やってみると分かりますが、物凄く力みが発生しますし、実は昔の私もこのやり方になっていました苦笑
そのため、自分で分かっていなかったのですが、一生懸命動いた時の体力の消費量が激しすぎましたね。。
※動画は後日掲載します
正しい「動き出し」のやり方
では、正しい動き出しはどのように行えばよろしいのでしょうか?
ポイントとなるのは、
「体重移動」
という考え方です。
ここで言う「体重移動」とは、構えている時に真ん中に置いた体重、あるいうはショットを打った後に移動した体重や、移動しながらジャンピングリアクションステップを行った際に移動した体重を、右足あるいは左足へ移動させることで、動き出しの一歩目を出すための反動をつける動作のことを表します。
文章だけで少し分かりづらくなってしまったため、実際に動画で確認してみましょう。
※動画は後日掲載致します。
この「体重移動」は、フォア前、バック前、フォアサイド、バックサイド、フォア後ろ、バック後ろのそれぞれの進行方向に対して(厳密にいえば前と後ろという方向もありますが、上記の6方向への動きが出来れば応用で出来るので割愛します)、
(1)進行方向側の足が逆側の足に対して前にある場合
(2)進行方向側の足と逆側の足が平行になっている場合
(3)進行方向側の足が逆側の足に対して後ろにある場合
の3つ場合を掛け合わせると、合計で6×3=18パターンの動き出しの一歩目の出し方があるということになります(前後を加えたら24パターン)。
動き出しはあまり重点的に語られない概念であるにも関わらず、これほどの数のバリエーションがあるわけですから、それは動き出しが出来ないだけでパフォーマンスに大きな影響が出ることは想像しやすいのではないかと思いますし、動き出しが出来ないことでフットワークが上手く出来ていない方が多いのも理解出来るのかなと思います。
「動き出し」の練習方法
ここからは、先ほど解説した正しい動き出しのやり方をどのように身に着けていくか、つまり練習方法について解説していきたいと思います。
先ほど、
- フォア前
- バック前
- フォアサイド
- バックサイド
- フォア後方
- バック後方
の6方向に対して、それぞれ
(1)進行方向側の足が逆側の足に対して前にある場合
(2)進行方向側の足と逆側の足が平行になっている場合
(3)進行方向側の足が逆側の足に対して後ろにある場合
があるということをお伝えさせて頂きました。
つまり、全部で「6×3=18パターン」の動き出しの場合があるということになります。
ステップ① 一場面ずつ練習する
一つ目の練習方法としては、それぞれの場面一つだけを絞って、動き出しの一歩目を出す動きを反復して行う。
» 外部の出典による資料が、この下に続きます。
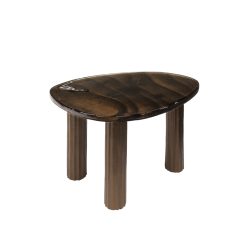 Eclipse antik bronz dohányzóasztal M
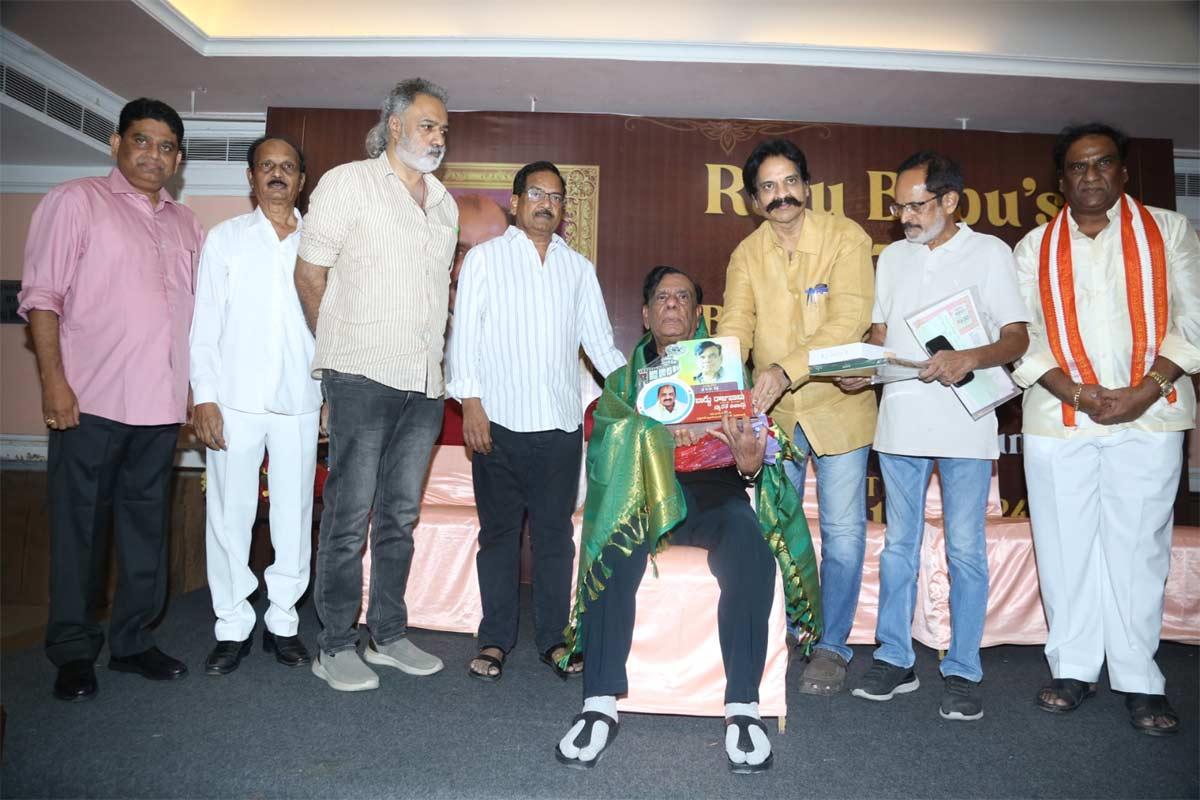 Raja Babu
例えば、「フォア前において進行方向側の足が前に出ている場面」を選択したとしたら、その場面での一歩目の動き出しを10回×3セット、体の使い方をひたすら意識して脳と体に刷り込んでいきます。
これを18パターン全て練習するのもいいですが、辛い場合はその時の気分で選ぶのでもいいと思います。
※動画は後日掲載します
ステップ② ランダムに練習する
次のステップとなる二つ目の練習方法は、18種類の動き出しの中から、自分の中の意識でランダムで選択してフリー形式で連続で練習する、つまりどの場面を練習するのかという意識をあまり持たずに、瞬間的な判断で場面を選択して動き出しを行うという練習方法になります。
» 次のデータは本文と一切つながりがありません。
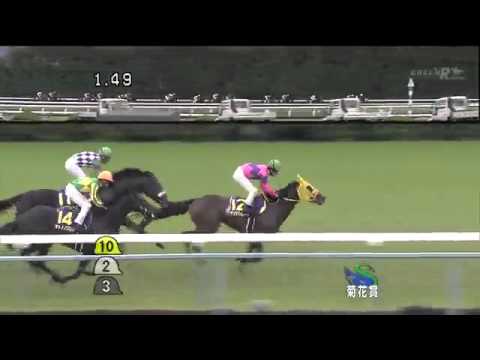 【競馬】　第７４回菊花賞　エピファネイア　2013.10.20　【Ｇ1】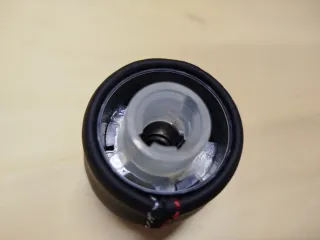 Pomo RS Line Renault Sport original y nuevo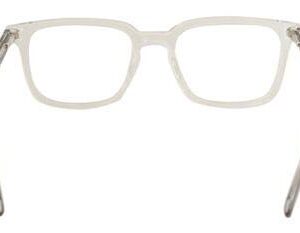 Guess GU1962 Eyeglass Frames - Crystal Frame, 52 mm Lens Diameter GU196252026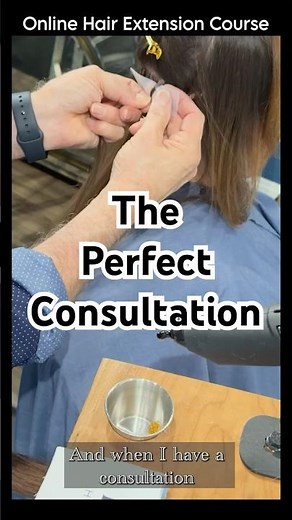 Master Hair Extensions With This Simple Process #hairextensions #hairtutorial #tips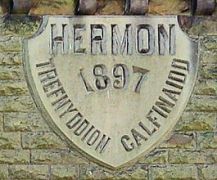 Hermon Chapel, Skewen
あるいは、二人一組で指示出しフットワークのように、構えた状態から支持された進行方向への動き出しの一歩目の動きを行うという方法でも良いですし、そちらの方がどの場面を選択するという処理を相手に任せることが出来るため取り組みやすいかと思います。
※動画は後日掲載します
ステップ③ フェイントを取り入れて練習する
最後のステップとなる三つ目の練習方法は、(1)自分一人でやるのであればフェイントに掛けられたことを想定して、(2)ペアを組んでやるのであれば指示を出してもらって、一回あるいは複数回フェイントを掛けて(掛けられて)、フェイントに掛かった(掛けられた)方向に一回あるいは複数回、動き出しの一歩目のステップを出すという練習です。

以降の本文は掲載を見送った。